Atkinson concurred, highlighting the historical economic incentive to exploit groups of people for the purpose of capitalist and economic gains. Atkinson pointed to the work of Eric Williams, a historian in the 1930s and 1940s whose research on slavery and capitalism explained that characterizations that identified Black men as subhuman were only the later rationalizations designed to justify the enslavement of Black people to provide desperately needed cheap labor.

Abbye Atkinson

She said it’s important to look at the economic backdrop, including the economic harms that are imposed on communities that are most impacted — either through the criminal justice system or in service of broader economic systems that rely on our criminal justice system to perpetuate them.

“We think about our current system of inequality and marginalization, and race inequality and race and gendered marginalization, as sort of a starting point,” Atkinson said.  “I think a lot about the economic condition that surrounds their  state of marginalization, but I think it’s important to begin to think how our economic system produces that marginalization and perhaps intentionally produces it.”
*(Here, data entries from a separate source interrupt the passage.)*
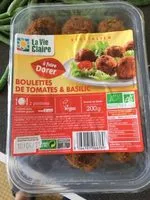Mängden socker i Boulettes De Tomates & Basilic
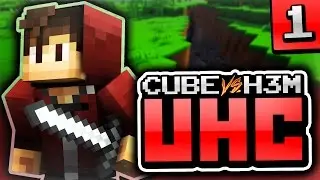 Minecraft: Winter UHC! Ep. 1 - Cube vs. H3M!?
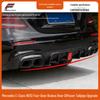 Brabus Sport Rear Lip & Tailpipe Diffuser Kit for 2017+ Mercedes E-Class W213 Sedan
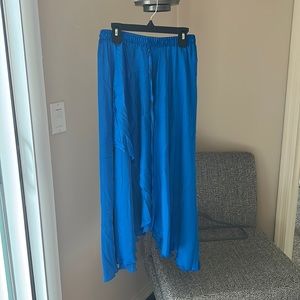 ZARA blue maxi skirt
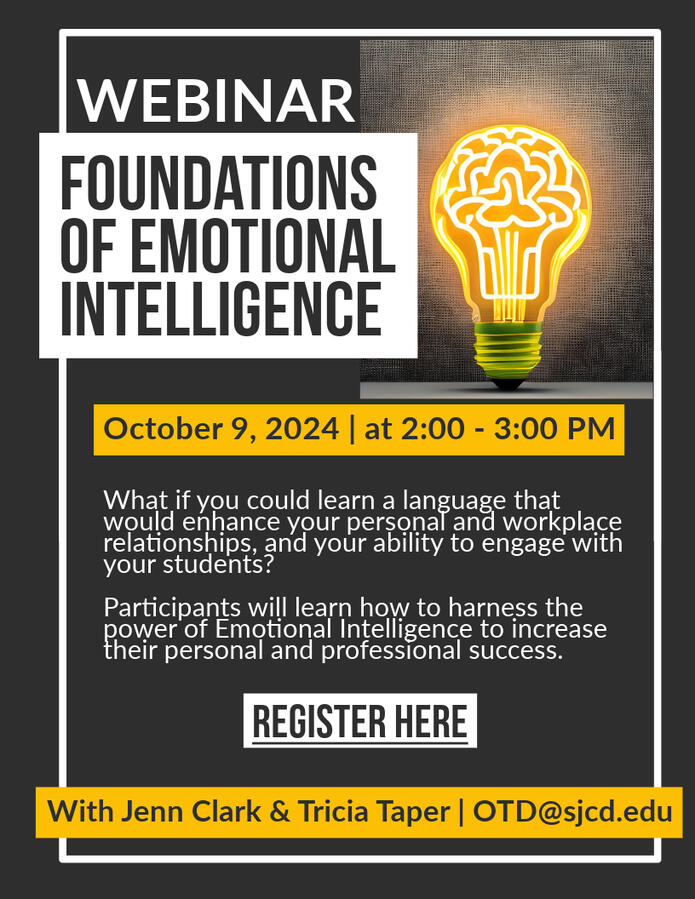 Emotional Intelligence Webinar Emotional Intelligence Webinar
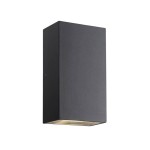 Lampa ścienna zewnętrzna led elewacyjna góra dół Rold Flat, czarna - Nordlux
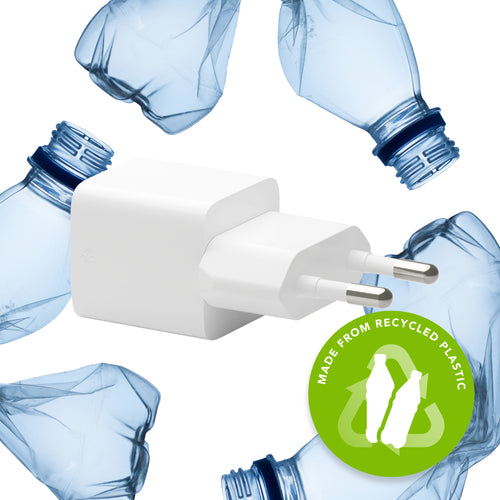 Adaptateur secteur 20W PD USB-C blanc DBRAMANTE1928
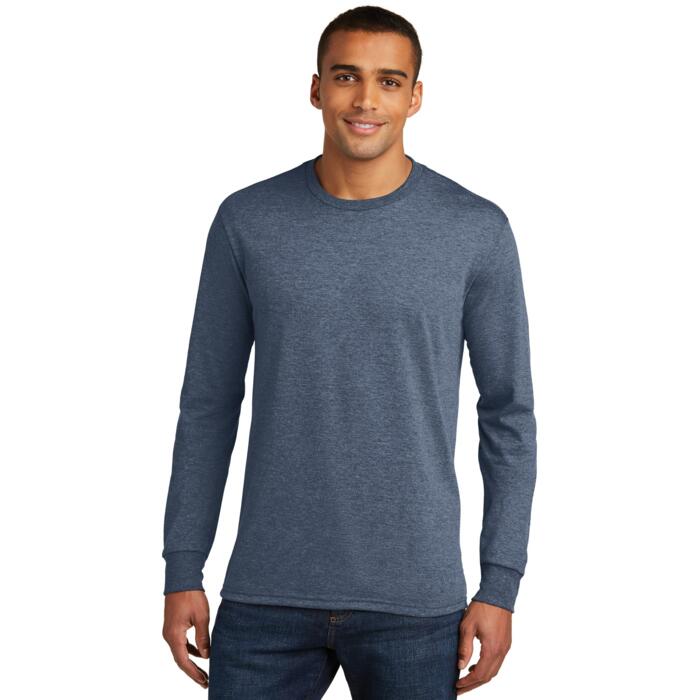 Mens Perfect Tri ® Long Sleeve Crew Tee Thumbnail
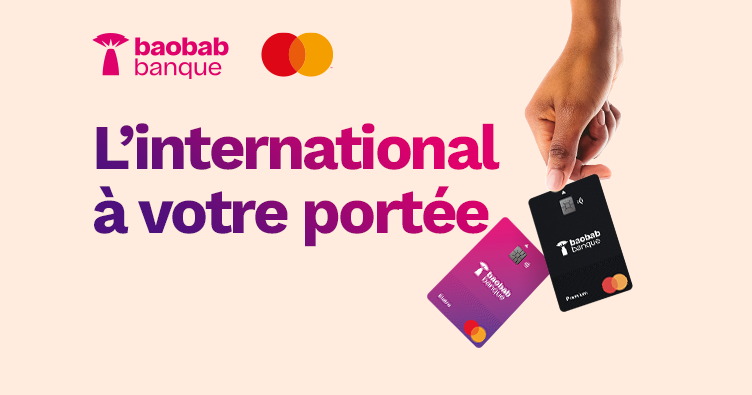 Baobab Banque Madagascar annonce son partenariat avec Mastercard.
The series kicked off last spring with, “The Problem and the Moment: Diagnosing the American Penal System,” a panel discussion with Rachael Rollins, district attorney for Suffolk County in Boston, Missouri Congresswoman Cori Bush, who was then the Democratic nominee for Missouri’s First Congressional District; University of Virginia School of Law Professor Rachel Harmon, who has spent more than two decades studying policing issues; and Loyola Law School Professor Priscilla Ocen.

Other sessions included “The Limits to Accountability: Police, Prosecutors, and Qualified Immunity,” and “Police Unions and Politics.”

On March 11, a new documentary about the racial history and modern discrimination of the American misdemeanor system will premiere at HLS as part of the policing series. The film, “Racially Charged: America’s Misdemeanor Problem,” produced by Brave New Films and directed by Robert Greenwald, was inspired by Professor Natapoff’s book “Punishment Without Crime.”

The HLS Policing in America series will wrap up on April 2 with a panel discussion, “Activism and Engagement: What Can Lawyers Do?,” focused on the role of law, lawyers, and legal change in the current social movement for racial justice in the criminal system. Videos of every session of the series are made available afterwards on the Harvard Law School YouTube channel.